Write out exactly what each line says, starting with the first line below and ending on the one with "tequileros de vidrio, con".

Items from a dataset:
######
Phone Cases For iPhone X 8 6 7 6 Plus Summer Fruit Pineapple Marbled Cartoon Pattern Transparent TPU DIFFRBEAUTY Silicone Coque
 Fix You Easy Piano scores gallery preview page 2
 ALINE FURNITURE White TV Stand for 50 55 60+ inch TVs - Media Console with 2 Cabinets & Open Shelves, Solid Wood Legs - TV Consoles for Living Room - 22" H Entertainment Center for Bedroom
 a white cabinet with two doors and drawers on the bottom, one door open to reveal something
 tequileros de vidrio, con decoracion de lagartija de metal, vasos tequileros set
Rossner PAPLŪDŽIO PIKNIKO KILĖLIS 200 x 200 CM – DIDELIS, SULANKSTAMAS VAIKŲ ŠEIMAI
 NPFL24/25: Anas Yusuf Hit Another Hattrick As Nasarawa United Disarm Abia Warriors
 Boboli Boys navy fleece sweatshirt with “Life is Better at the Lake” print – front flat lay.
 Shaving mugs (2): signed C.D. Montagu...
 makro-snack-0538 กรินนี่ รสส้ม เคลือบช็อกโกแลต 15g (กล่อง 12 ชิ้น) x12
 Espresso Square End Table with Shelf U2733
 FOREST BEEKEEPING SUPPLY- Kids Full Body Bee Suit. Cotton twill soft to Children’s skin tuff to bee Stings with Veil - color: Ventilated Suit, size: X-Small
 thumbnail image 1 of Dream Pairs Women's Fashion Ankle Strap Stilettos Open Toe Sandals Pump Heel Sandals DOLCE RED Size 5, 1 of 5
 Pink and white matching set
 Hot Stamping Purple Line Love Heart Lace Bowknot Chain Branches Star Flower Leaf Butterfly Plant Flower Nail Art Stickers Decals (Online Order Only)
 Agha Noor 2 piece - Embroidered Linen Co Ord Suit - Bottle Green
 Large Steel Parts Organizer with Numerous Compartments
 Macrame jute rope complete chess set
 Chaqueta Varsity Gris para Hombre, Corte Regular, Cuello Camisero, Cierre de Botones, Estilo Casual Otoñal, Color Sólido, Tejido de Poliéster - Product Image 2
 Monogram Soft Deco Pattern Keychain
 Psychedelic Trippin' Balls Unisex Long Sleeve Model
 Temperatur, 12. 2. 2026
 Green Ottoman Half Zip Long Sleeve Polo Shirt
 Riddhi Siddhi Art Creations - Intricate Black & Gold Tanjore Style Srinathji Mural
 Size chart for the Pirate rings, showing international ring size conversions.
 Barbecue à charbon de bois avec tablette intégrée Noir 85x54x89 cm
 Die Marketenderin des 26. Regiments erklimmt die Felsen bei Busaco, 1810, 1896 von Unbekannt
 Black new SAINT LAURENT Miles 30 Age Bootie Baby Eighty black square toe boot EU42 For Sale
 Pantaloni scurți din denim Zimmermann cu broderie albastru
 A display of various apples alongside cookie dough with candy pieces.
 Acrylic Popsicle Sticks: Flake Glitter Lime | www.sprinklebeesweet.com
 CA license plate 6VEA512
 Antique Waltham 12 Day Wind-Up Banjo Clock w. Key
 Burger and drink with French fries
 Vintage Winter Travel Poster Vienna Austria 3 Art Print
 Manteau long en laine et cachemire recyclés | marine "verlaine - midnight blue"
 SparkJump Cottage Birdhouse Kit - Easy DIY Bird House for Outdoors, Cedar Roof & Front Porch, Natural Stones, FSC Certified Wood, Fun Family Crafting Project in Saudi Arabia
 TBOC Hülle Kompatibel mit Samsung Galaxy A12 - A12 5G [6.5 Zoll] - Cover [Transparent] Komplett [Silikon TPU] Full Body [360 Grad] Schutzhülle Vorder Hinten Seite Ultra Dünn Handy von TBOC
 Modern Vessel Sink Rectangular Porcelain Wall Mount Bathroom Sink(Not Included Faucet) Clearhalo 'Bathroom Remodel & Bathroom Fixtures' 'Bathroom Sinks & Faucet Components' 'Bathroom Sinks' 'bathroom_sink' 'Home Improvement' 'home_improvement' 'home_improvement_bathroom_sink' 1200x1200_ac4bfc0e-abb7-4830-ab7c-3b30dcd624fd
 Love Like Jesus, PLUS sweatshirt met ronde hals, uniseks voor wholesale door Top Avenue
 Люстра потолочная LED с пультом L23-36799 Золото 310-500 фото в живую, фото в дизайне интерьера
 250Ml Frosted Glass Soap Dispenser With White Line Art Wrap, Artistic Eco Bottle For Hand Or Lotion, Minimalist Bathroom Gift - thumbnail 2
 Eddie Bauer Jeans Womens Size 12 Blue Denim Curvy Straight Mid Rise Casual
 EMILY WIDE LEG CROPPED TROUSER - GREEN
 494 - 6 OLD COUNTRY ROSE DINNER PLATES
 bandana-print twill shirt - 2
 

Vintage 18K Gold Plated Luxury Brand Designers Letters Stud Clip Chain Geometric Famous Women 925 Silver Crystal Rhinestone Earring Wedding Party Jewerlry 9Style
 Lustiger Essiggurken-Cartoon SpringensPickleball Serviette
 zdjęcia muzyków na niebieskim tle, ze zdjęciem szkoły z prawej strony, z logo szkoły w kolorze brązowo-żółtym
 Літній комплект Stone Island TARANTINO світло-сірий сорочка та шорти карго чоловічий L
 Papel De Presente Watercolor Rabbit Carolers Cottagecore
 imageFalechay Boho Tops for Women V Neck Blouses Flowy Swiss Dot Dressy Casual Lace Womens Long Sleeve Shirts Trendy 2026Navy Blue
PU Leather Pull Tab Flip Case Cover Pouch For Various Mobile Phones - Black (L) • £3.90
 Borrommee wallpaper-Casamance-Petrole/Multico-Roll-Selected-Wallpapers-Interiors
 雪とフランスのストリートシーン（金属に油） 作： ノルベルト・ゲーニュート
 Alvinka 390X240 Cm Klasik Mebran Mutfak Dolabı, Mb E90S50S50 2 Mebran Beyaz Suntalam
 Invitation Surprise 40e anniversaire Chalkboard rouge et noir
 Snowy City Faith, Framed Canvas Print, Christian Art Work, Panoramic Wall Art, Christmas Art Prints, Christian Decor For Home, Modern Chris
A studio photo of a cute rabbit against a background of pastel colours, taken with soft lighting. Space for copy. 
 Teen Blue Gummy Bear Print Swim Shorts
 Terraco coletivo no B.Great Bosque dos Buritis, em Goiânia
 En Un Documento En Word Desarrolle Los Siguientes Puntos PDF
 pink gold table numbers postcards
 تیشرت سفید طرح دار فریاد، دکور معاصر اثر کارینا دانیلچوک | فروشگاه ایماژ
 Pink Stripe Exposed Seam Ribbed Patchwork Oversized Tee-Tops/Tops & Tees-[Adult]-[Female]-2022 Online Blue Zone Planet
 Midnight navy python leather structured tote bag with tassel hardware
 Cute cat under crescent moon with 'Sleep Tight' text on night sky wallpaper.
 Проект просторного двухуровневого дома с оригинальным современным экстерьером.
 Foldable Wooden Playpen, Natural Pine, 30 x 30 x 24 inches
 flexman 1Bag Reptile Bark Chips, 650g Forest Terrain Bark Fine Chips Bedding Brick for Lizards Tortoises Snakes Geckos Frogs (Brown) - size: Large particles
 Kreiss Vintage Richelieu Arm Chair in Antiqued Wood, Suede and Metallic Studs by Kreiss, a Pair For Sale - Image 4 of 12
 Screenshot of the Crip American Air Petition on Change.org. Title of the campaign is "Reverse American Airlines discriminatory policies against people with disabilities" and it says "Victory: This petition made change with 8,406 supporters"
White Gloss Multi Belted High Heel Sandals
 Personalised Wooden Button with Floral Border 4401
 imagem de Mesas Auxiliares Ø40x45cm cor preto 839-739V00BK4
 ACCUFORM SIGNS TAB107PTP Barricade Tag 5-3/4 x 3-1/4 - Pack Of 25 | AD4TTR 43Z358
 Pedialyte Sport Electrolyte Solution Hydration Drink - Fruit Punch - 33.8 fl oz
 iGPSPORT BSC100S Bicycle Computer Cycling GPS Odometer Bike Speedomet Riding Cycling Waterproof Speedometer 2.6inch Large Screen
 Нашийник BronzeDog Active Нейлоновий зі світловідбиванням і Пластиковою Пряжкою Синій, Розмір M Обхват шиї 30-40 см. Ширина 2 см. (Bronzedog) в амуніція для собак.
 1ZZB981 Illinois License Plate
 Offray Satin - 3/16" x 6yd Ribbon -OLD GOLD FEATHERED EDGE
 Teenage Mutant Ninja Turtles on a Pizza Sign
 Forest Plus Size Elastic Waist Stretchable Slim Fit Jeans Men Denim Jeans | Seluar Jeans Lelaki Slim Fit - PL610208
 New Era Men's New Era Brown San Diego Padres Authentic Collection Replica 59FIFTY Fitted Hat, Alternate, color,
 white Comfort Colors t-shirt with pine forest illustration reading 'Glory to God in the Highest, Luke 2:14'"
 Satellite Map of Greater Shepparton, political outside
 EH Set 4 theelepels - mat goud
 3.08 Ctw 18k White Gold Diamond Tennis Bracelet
######
**Exercise result**
Phone Cases For iPhone X 8 6 7 6 Plus Summer Fruit Pineapple Marbled Cartoon Pattern Transparent TPU DIFFRBEAUTY Silicone Coque
 Fix You Easy Piano scores gallery preview page 2
 ALINE FURNITURE White TV Stand for 50 55 60+ inch TVs - Media Console with 2 Cabinets & Open Shelves, Solid Wood Legs - TV Consoles for Living Room - 22" H Entertainment Center for Bedroom
 a white cabinet with two doors and drawers on the bottom, one door open to reveal something
 tequileros de vidrio, con decoracion de lagartija de metal, vasos tequileros set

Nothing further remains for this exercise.